A MORAL AND PHILOSOPHICAL RECKONING
For some, like late architects (and husband-and-wife duo) Madeline Gins and Shusaku Arakawa, it understandably presents a “sad, terrifying” reality. Gins and Arakawa set up the Reversible Destiny Foundation and worked relentlessly (and incredibly) to build spaces that would keep people from dying. Their goal, they professed, was to “construct optimism.”
For millennia, mankind has reckoned with the meaning of life by counterposing it with the mystery, and inevitability, of death. Some have come out of this existential push-and-pull with their senses sharpened and values thrown into relief.

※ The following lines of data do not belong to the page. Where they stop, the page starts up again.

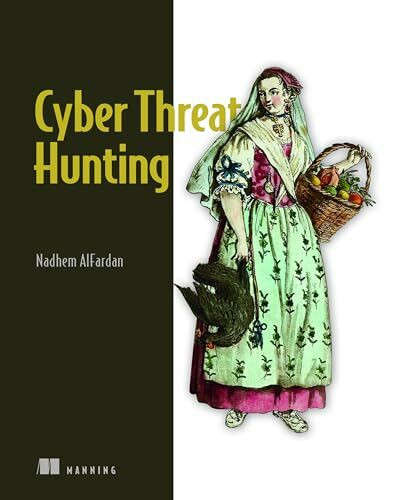Manning Publications Cyber Threat Hunting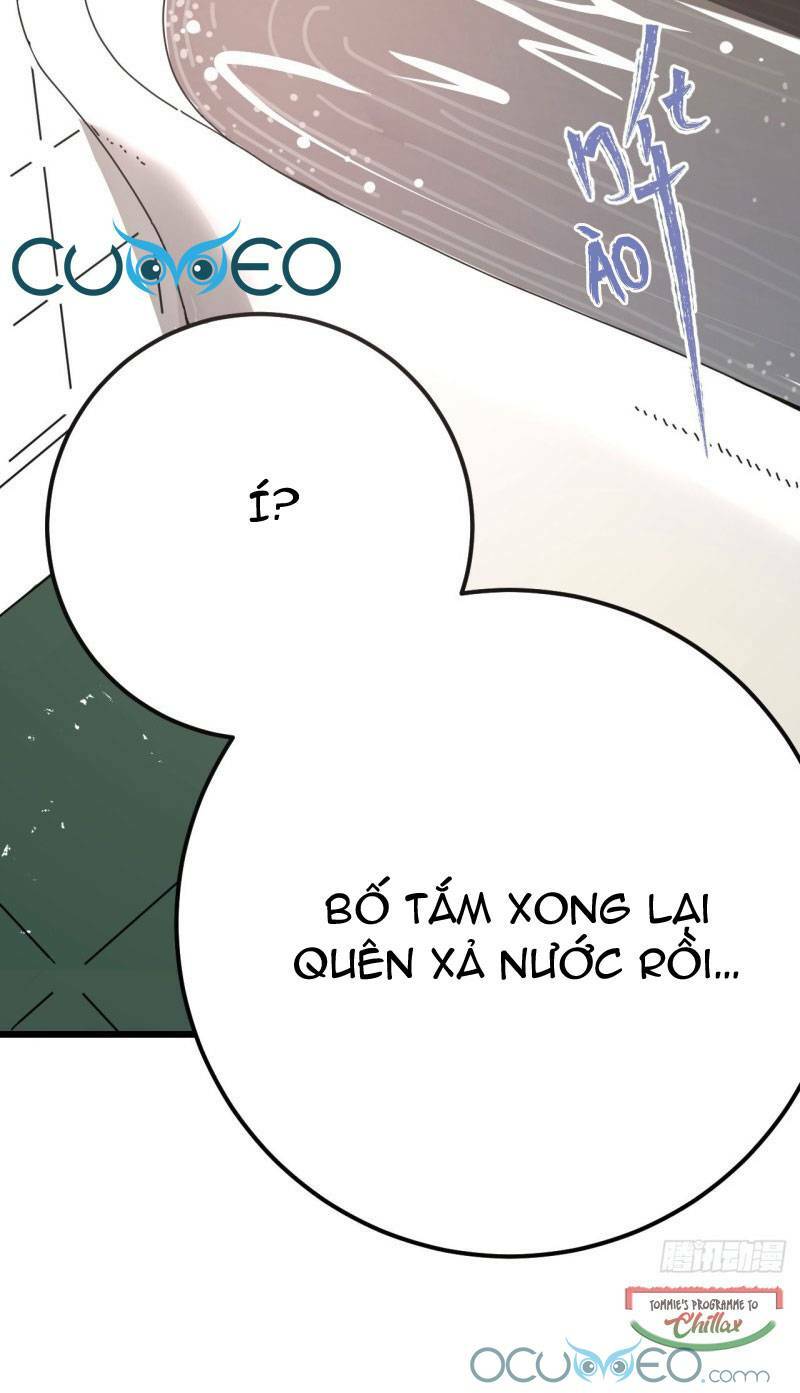 Khi Đóa Hoa Sẫm Màu Nở Rộ Chapter 1 - Trang 25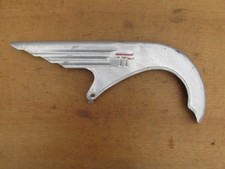 TERROT CARTER DE CHAINE ALU VELO VILLE ROUTE ANCIEN BICYCLE CHAINE GUARD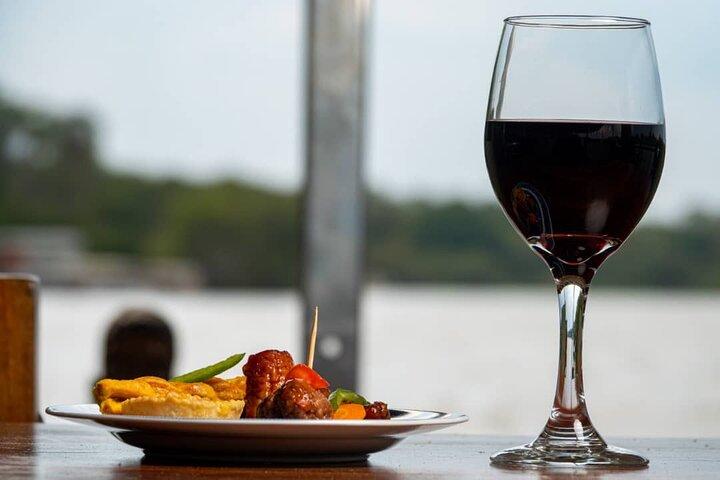 4-daagse Victoria Falls Safari Tour & Chobe National Park gamedrive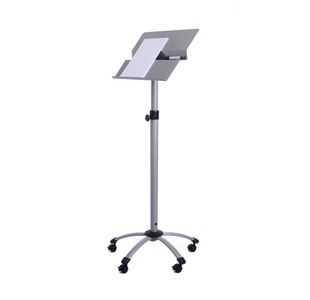 Mobile Lectern/Speaker Stand Eco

Lucius Annaeus Seneca, a Stoic philosopher from the first century, had one of the most clarifying attitudes towards death that endures to this day. “Time adds nothing to the finer things in life,” he wrote in one of many documented letters. For Seneca, our awareness of our limited time on earth is a good thing that can be used to our advantage, to galvanise us into “organis[ing] it very economically” and engaging only in the essential.
In 1923, the German-language poet Rainer Maria Rilke also discussed death and its virtues in his letters to Countess Margot Sizzo-Noris-Crouy, describing it as “a friend,” and something integral for enjoying and appreciating life: “…like the moon, surely life has a side permanently turned away from us which is not its opposite but its counterpart toward completion, toward wholeness, toward the actual perfect and full sphere and globe of being.”
Just last year, BJ Miller, executive director of the Zen Hospice Project, echoed this in his TED talk about what really matters at the end of life: “If we love such [sensory] moments ferociously, then maybe we can learn to live well — not in spite of death, but because of it.”
“Aging and dying,” he argued, “can become a process of crescendo through to the end.”
“YET ANOTHER GREAT ADVENTURE”
Perhaps there is no better (or more timely) example of this than a party thrown in late July and Ojai, California, by Betsy Davis, a visual artist who’d been living with ALS, a punishing neurodegenerative disease. California had just passed the End of Life Options Act, and Davis was ready to put it to use, organising an intimate gathering of loved ones, cocktails, uncompromising fashion, even balloons, to send her off on “yet another great adventure” — composing her own crescendo.
Kestrin Pantera, one of the guests, wrote about the “mind-bending weekend,” reflecting: “Death has no answers, it just holds up a mirror and asks who you are and who you want to be.” Maybe we can’t do away with it, and maybe we shouldn’t want to.